Atmospheric circulation as a factor contributing to increasing drought severity in Central Europe
Authors: Ondřej Lhotka and Mirek Trnka and Jan Kysely and Yannis Markonis and Jan Balek and Martin Možny
Journal: Journal of Geophysical Research: Atmospheres
Long‐lasting and severe droughts seriously threaten agriculture, ecosystems, and society. Summer 2018 in central Europe was characterized by unusually persistent heat and drought, causing substantial economic losses, and became a part of a several years long dry period observed across this region. This study assesses the magnitude of the recent drought within a long‐term context and links the increased drought severity to changes in atmospheric circulation. Temporal variability of drought conditions since the late 19th century was analyzed at seven long‐term stations distributed across the Czech Republic using the Palmer Drought Severity Index and the Standardized Precipitation Evaporation Index.

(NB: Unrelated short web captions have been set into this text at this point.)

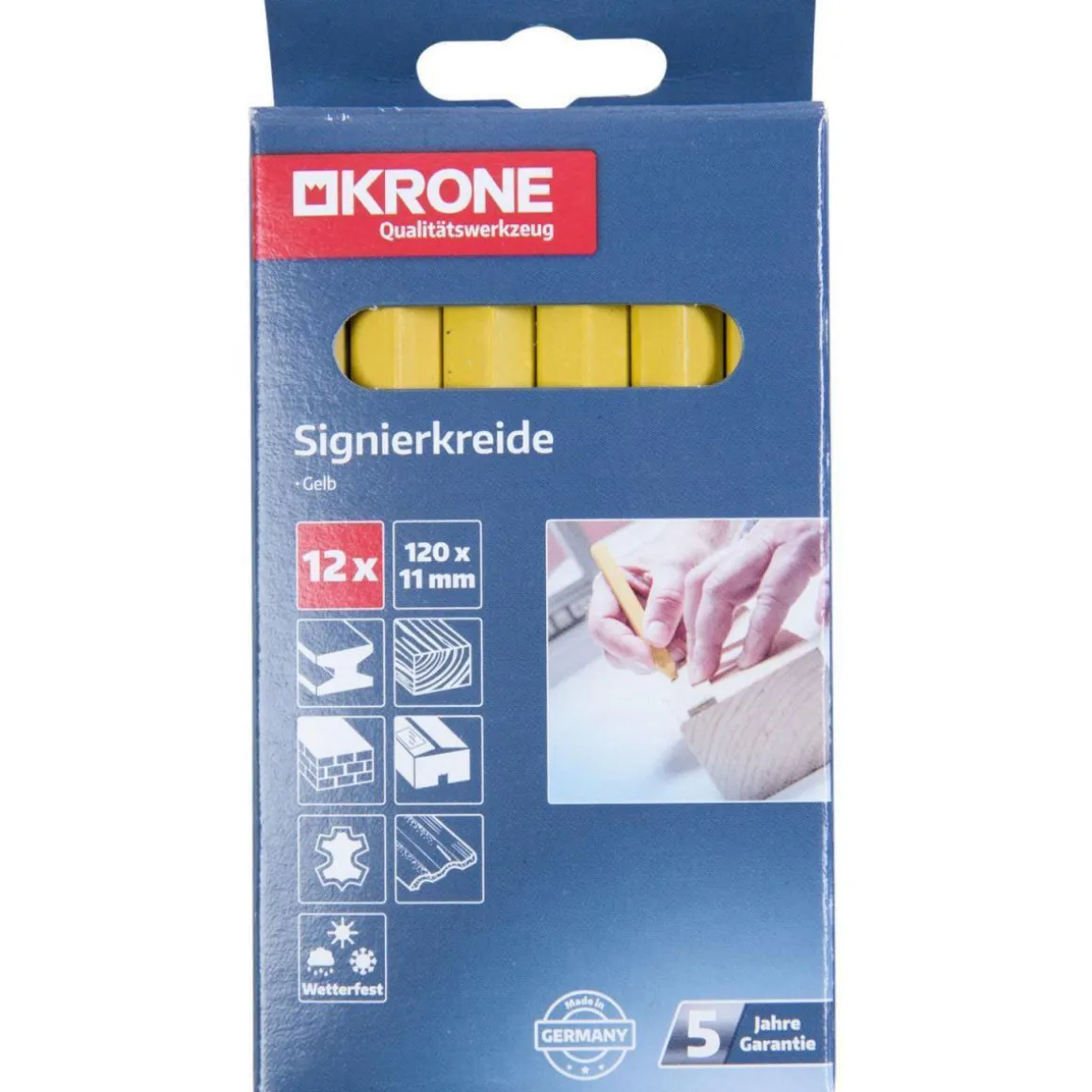 Krone Signierkreide-Set gelb 12-teilig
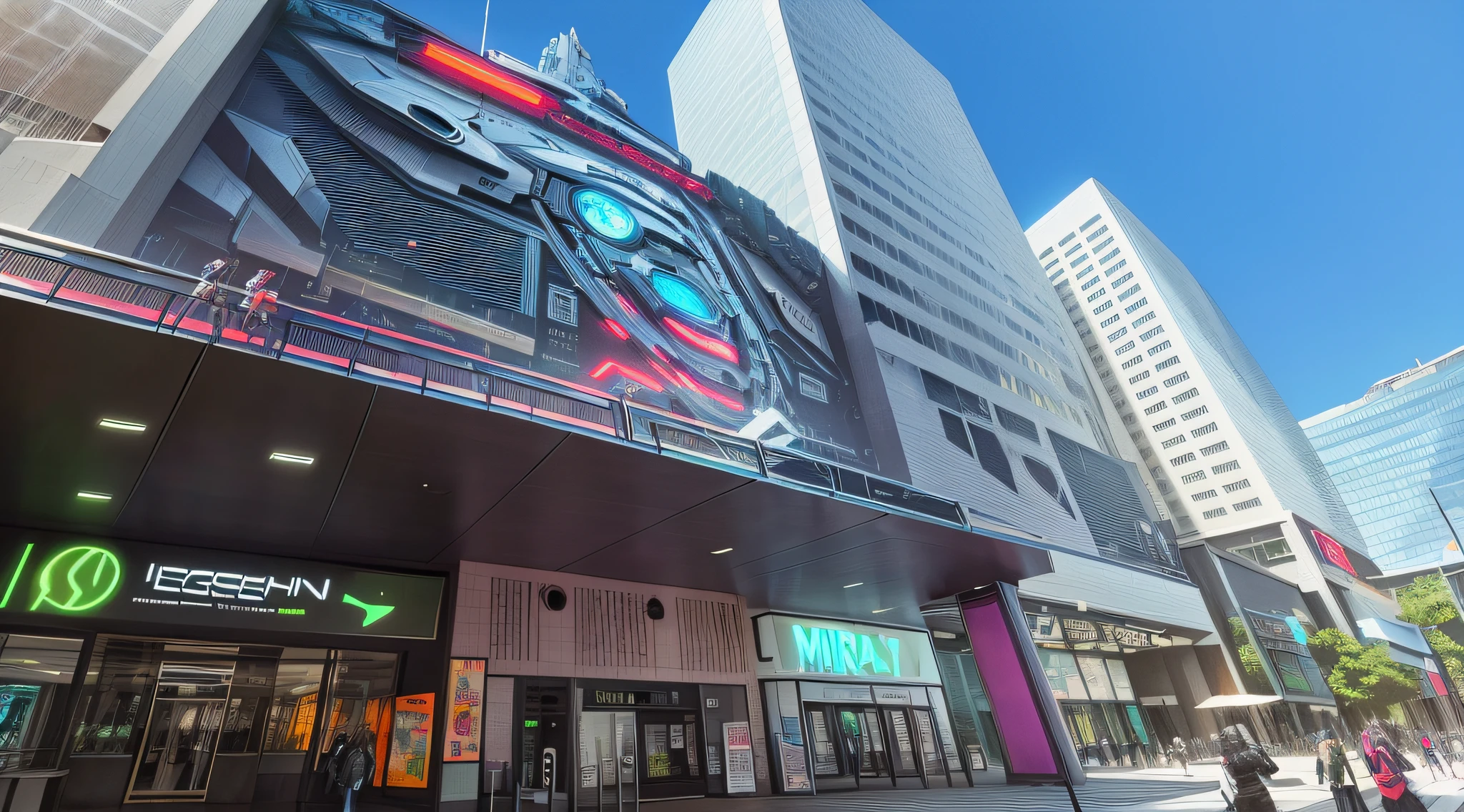 Mall plaque，cyber punk perssonage，Technologie，mirai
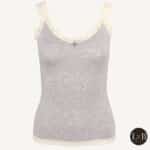 Like It Kim dames top in Ivory met lichtgrijze body en ivoorkleurig kant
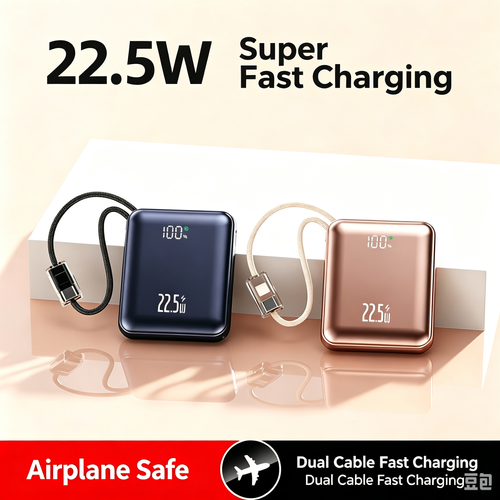 20000mAh Ultra Slim Power Bank | 22.5W Super Fast Charge Built-in Cables 3C Certified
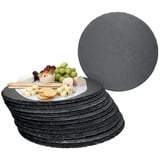 MamboCat Servierplatte 12x Schieferplatten rund Ø30cm Untersetzer Pizza-Teller Servierplatte, Schiefer schwarz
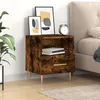 Image de vidaXL Table de chevet chÃªne fumÃ© 40x35x47,5 cm bois d'ingÃ©nierie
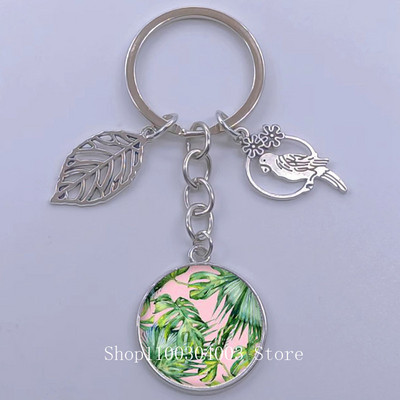 Πράσινα Τροπικά Φύλλα Γυάλινο Κρεμαστό Μπρελόκ Τροπικά Πράσινα Φυτά Φύλλα Γυαλί Cabochon Μπρελόκ Bird Hollow Leaves Μπρελόκ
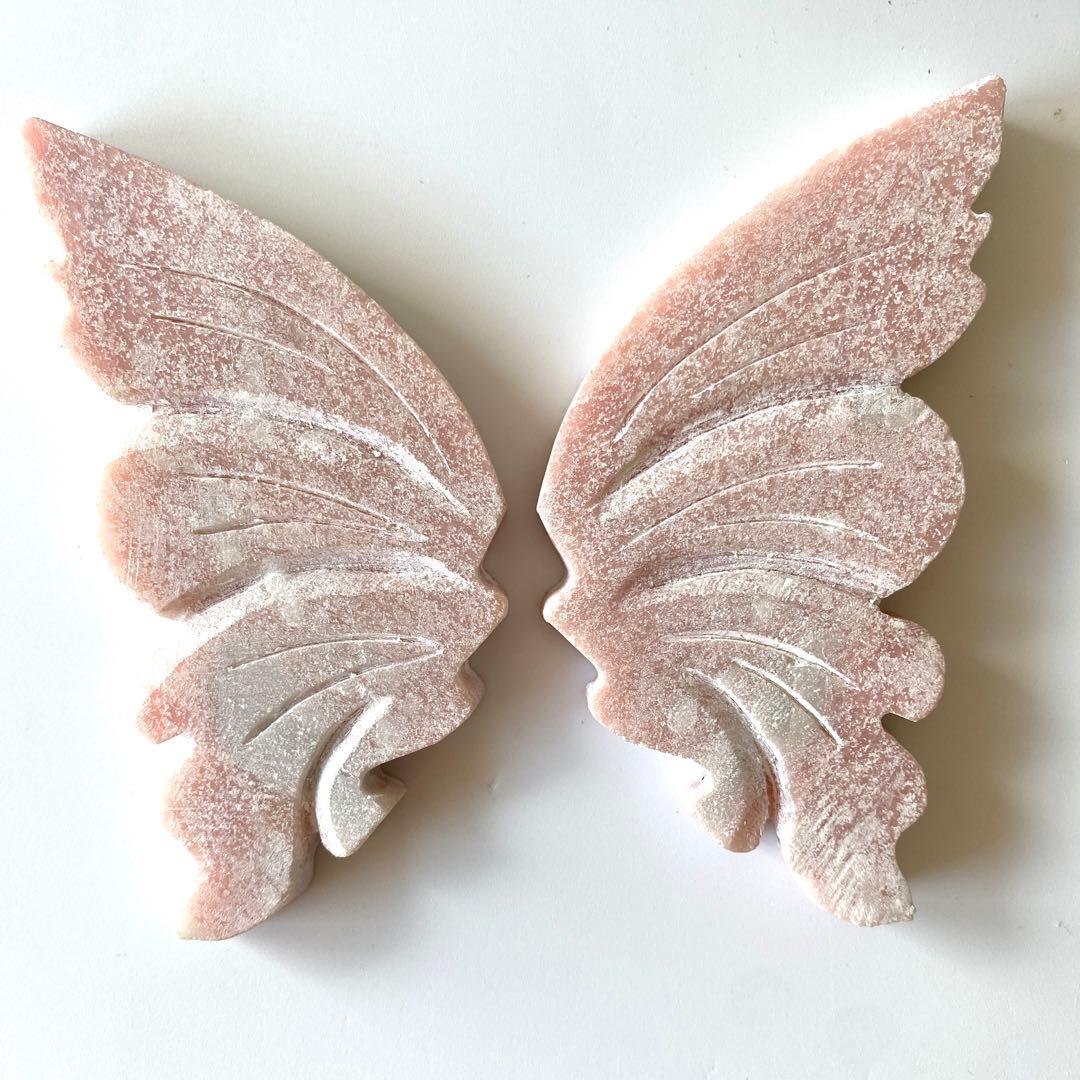 ピンクオパール 天然石 蝶々 台座付き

The Palmer Z Index and a variation of the Standardized Precipitation Evaporation Index were used to study rapidly emerging short‐term droughts and to link these episodes to atmospheric circulation. Changes in circulation were analyzed through circulation types calculated from flow strength, direction and vorticity in mean sea level pressure data from the National Centers for Environmental Prediction (NCEP)/National Center for Atmospheric Research (NCAR) reanalysis for 1948–2018. Increasing drought severity across the Czech Republic with record‐low values of the drought indices during 2015–2018 was found. The trend was distinctive in both vegetation (April–September) and cold (October–March) periods. The tendency toward more severe droughts in recent decades was linked to changes in frequency of dry and wet circulation types, highlighting the important role of atmospheric circulation in regional climate. It remains an open question whether the significantly increasing frequency of dry circulation types in the vegetation period is related to climate change, or rather represents multidecadal climate variability.